Dans les premières années de la mise en œuvre du projet, l’ELCF avait mené, avec le soutien financier de la Fondation Henri Moser, un projet de recherche sur la comparaison entre deux modalités d’enseignement en classe : une personne / une langue (un duo d’enseignant-e-s se répartissant le travail dans chacune des langues) vs une personne / deux langues (un-e même enseignant-e en charge des deux langues).

Variations (en construction)

Le rôle de la frontière franco-suisse sur la prononciation du français

Cadre institutionnel
Ce projet fait partie du Réseau Alliance Campus Rhodanien (https://campusrhodanien.unige-cofunds.ch/), lancé en 2017 afin de favoriser, en raison de leur forte proximité géographique, les synergies entre les Universités de Genève, Lausanne, Grenoble Alpes, Lyon ainsi que la Haute école spécialisée de Suisse occidentale. Le présent projet fédère des chercheurs/chercheuses de Genève (ELCF), Lausanne (Section des sciences du langage et de l'information) et Grenoble Alpes (LIDILEM)
Coresponsables : Isabelle Racine et Alexei Prikhodkine (Université de Genève), Marie-Hélène Côté (Université de Lausanne), Marinette Matthey et Jean-Pierre Chevrot (Université Grenoble Alpes)
Collaborateurs : Diana Berman, Giulia Giannuzzi et Antoine Pesson (Genève); Roxanne Comotti et Hippolyte Moreau (Grenoble Alpes)
Durée du projet : 2018-2020

Descriptif

Dans le domaine de la prononciation, le programme « Phonologie du français » (PFC, www.projet-pfc.net) se pose comme une référence.
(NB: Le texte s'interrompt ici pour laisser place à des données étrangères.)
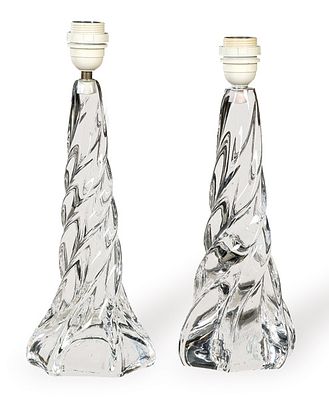: Pareja de l&aacute;mparas de mesa de cristal transparente de Cristalerie de Lorraine h. 1950. Pareja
Grâce à la collecte de nombreux points d’enquête à travers la francophonie, il a permis de décrire finement les spécificités des français parlés. Dans le présent projet, nous nous proposons de collecter trois nouveaux points d’enquête PFC en nous intéressant plus spécifiquement au rôle de la frontière franco-suisse sur la prononciation et les représentations linguistiques des locuteurs. En effet, les recherches effectuées, notamment dans PFC, ont montré que, s’il n’y a pas un seul accent suisse ou français mais bien des caractéristiques variées selon les régions et les profils sociologiques des locuteurs, les auditeurs suisses et français sont néanmoins généralement capables de différencier les variétés suisses et françaises. Or, aucune étude ne s’est, à notre connaissance, penchée sur la prononciation dans la zone frontalière franco-suisse et sur le rôle joué par la frontière, à la fois politique et symbolique. Deux points d’enquête seront collectés dans des zones urbaines proches de la frontière : un à Genève – locuteurs suisses travaillant en Suisse – et un à Annecy – locuteurs français travaillant en France. Un troisième point ciblera des agglomérations frontalières en Haute-Savoie (Annemasse, Gaillard, Saint- Julien-en-Genevois, etc.) et permettra de comparer différentes catégories de locuteurs : Français travaillant en France ou en Suisse et Suisses résidant en France. L’impact de la frontière et des déplacements transfrontaliers quotidiens sera examiné à la fois par des analyses fines des productions et par les représentations des locuteurs.

Francophonie (en construction)

PROJETS DIVERS (en construction)

Projet interne ELCF: Contribution d'indices phonétiques et non-phonétiques dans la perception de la parole comme étant non-native (L. Benetti & S Schwab, février-juin 2019).

UZH-UNIGE Joint Seed Money: MIAPARLE: A set of computer-based tools for the acquisition of prosody in a second language (juillet 2018-juillet 2019).